#### ACTIVITY:
Give the data again exactly as written, without any of its pictures.
Segment Open
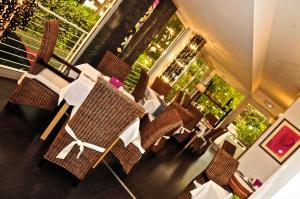 A seating area at Hotel Anapaya
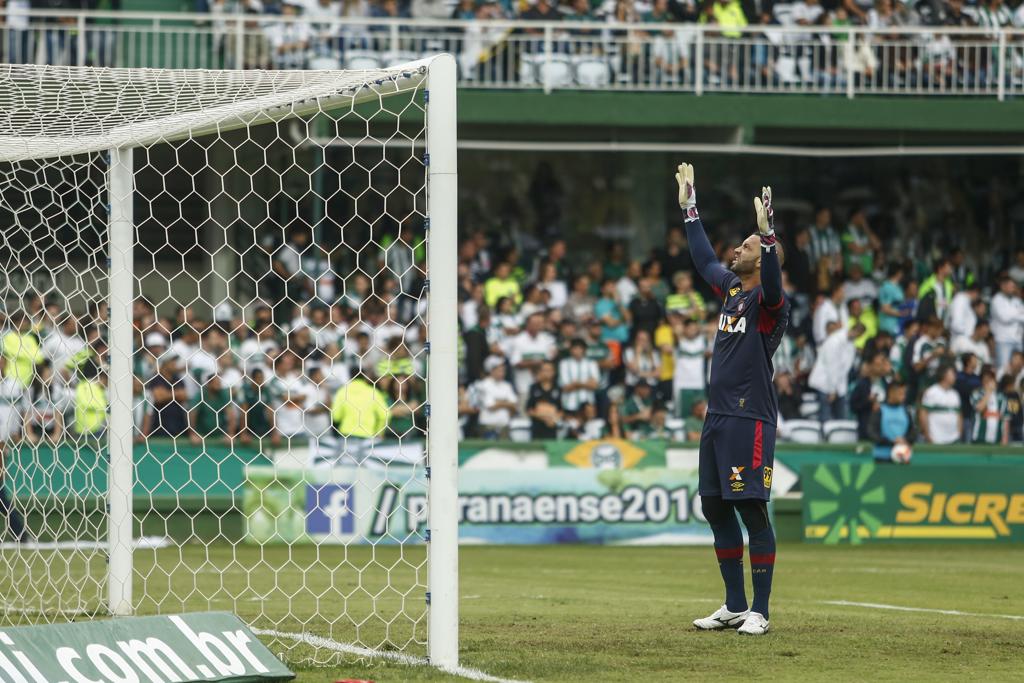 Weverton provoca a torcida do Coritiba no Couto Pereira. | Marcelo Andrade/Gazeta do Povo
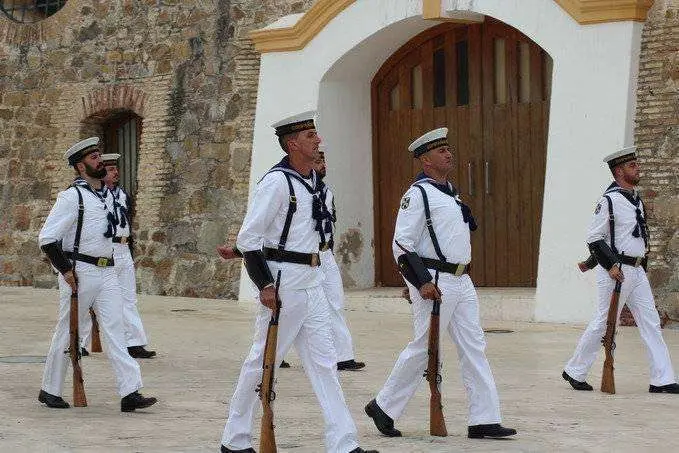 Desfile en las Murallas Reales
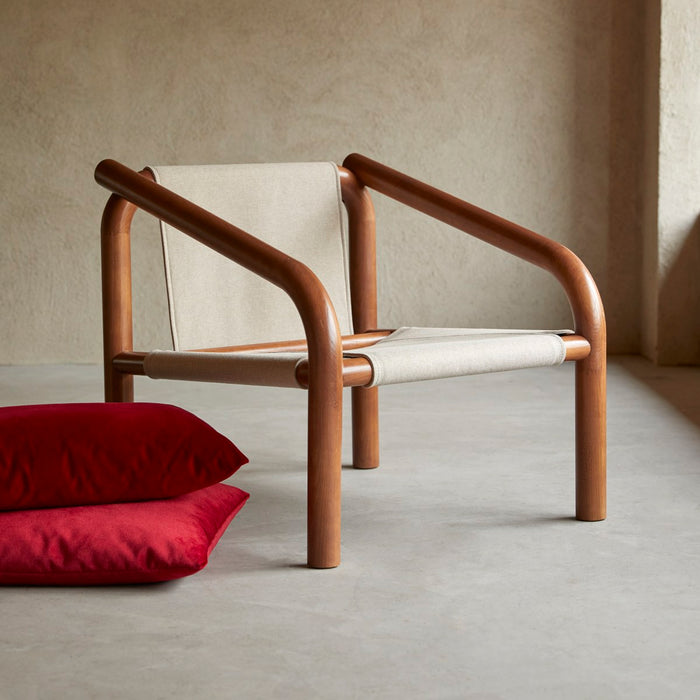 Tikamoon - Fauteuil van massief eikenhout en rood fluweel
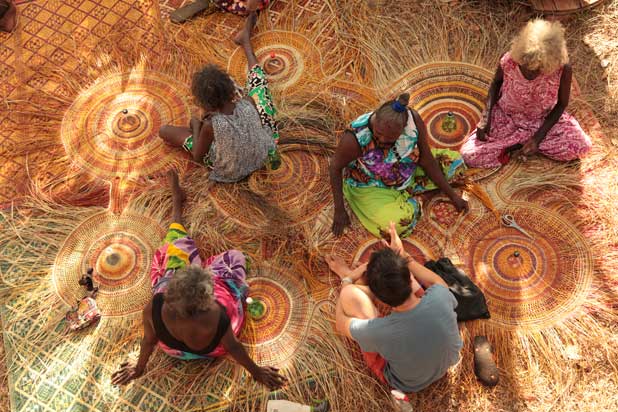 Álvaro Catalán de Ocón with Australian aboriginal crafswomen making Pet Lamp Ramingining. Photo courtesy of Álvaro Catalán de Ocón.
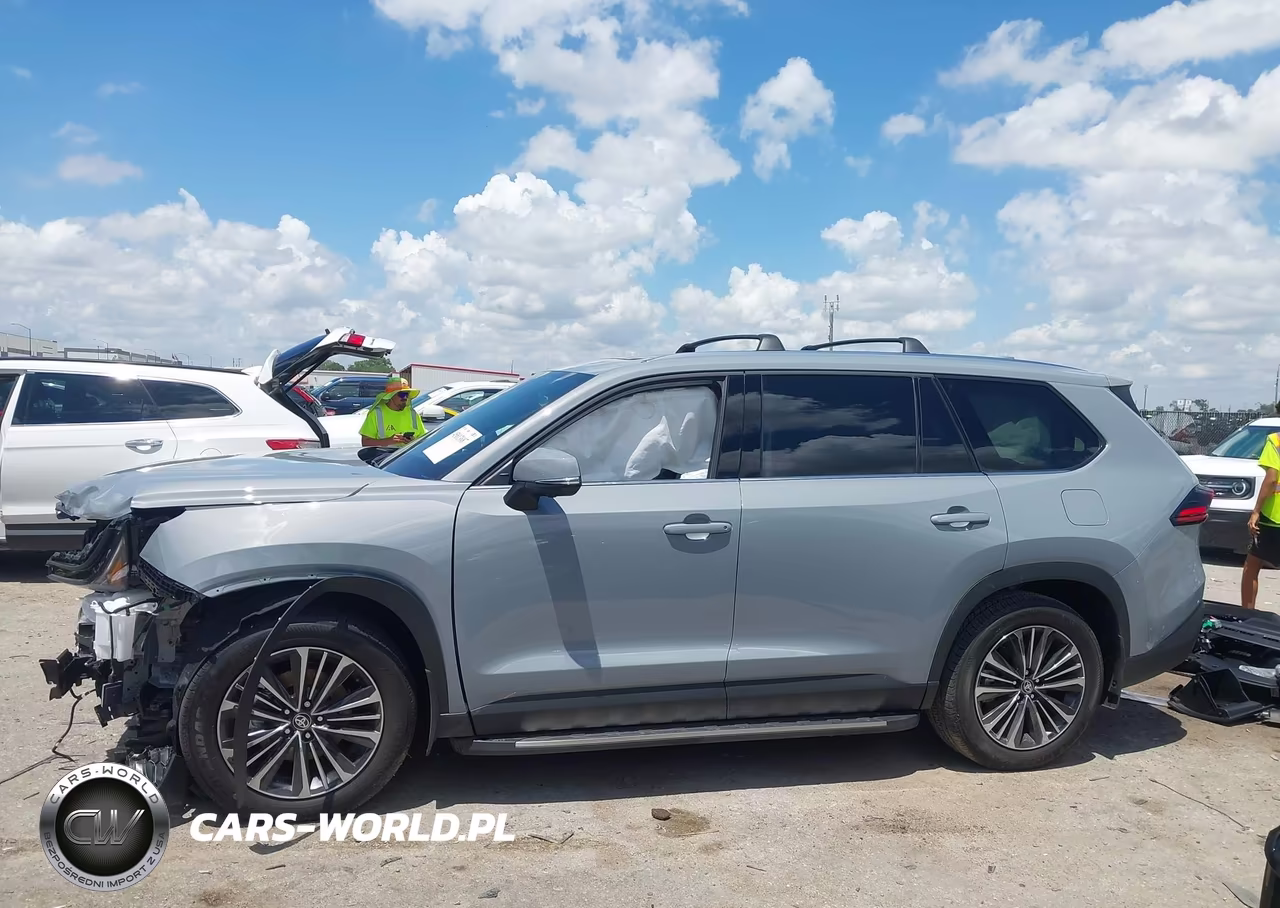 2026 Toyota Grand Highlander Hybrid Max Platinum VIN:5TDADAB55TS048635 - 14
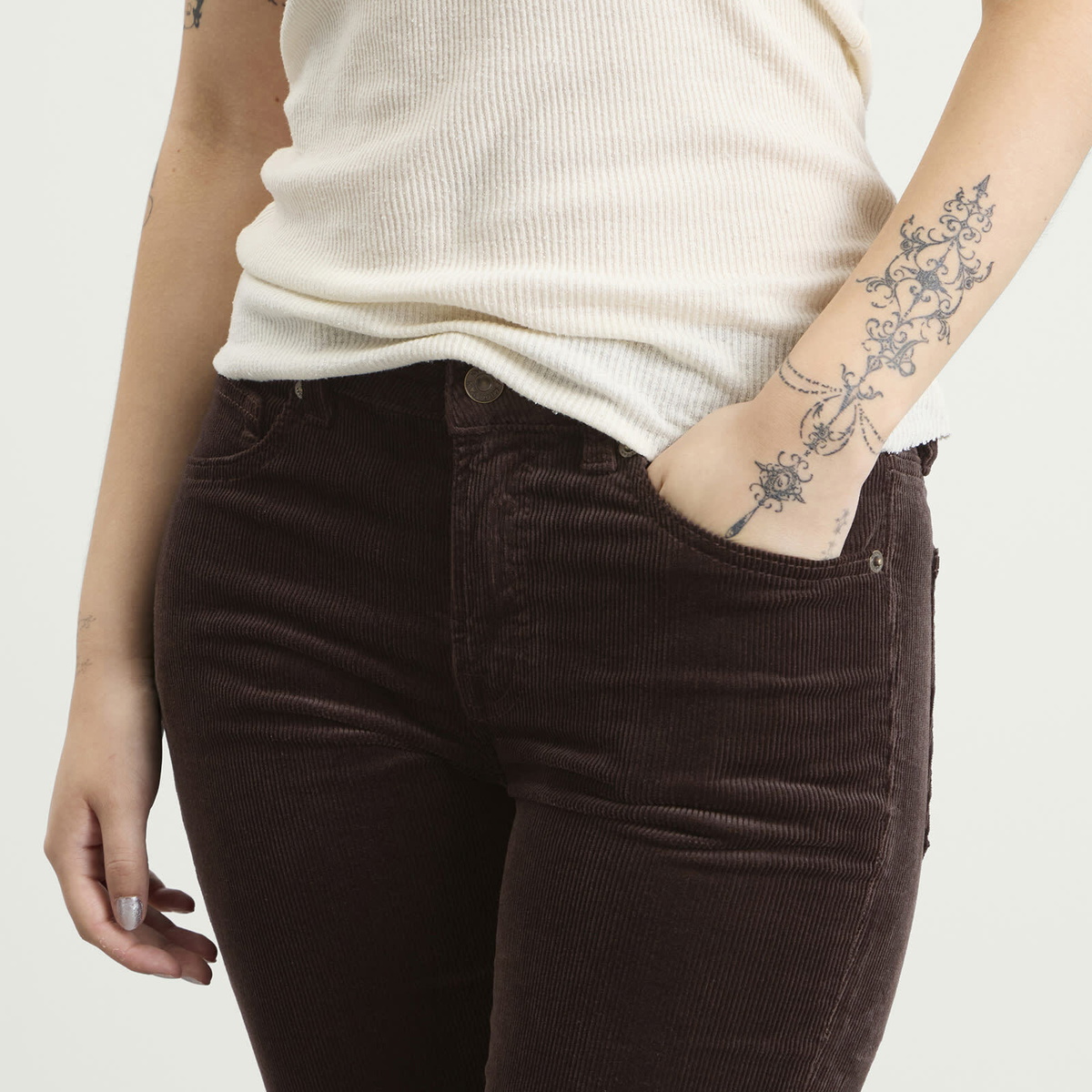 Good American Women's Good Low Rise Bootcut Jeans in Espresso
Segment Closed
#### TASK RESULT:
 A seating area at Hotel Anapaya
 Weverton provoca a torcida do Coritiba no Couto Pereira. | Marcelo Andrade/Gazeta do Povo
 Desfile en las Murallas Reales
 Tikamoon - Fauteuil van massief eikenhout en rood fluweel
 Álvaro Catalán de Ocón with Australian aboriginal crafswomen making Pet Lamp Ramingining. Photo courtesy of Álvaro Catalán de Ocón.
 2026 Toyota Grand Highlander Hybrid Max Platinum VIN:5TDADAB55TS048635 - 14
 Good American Women's Good Low Rise Bootcut Jeans in Espresso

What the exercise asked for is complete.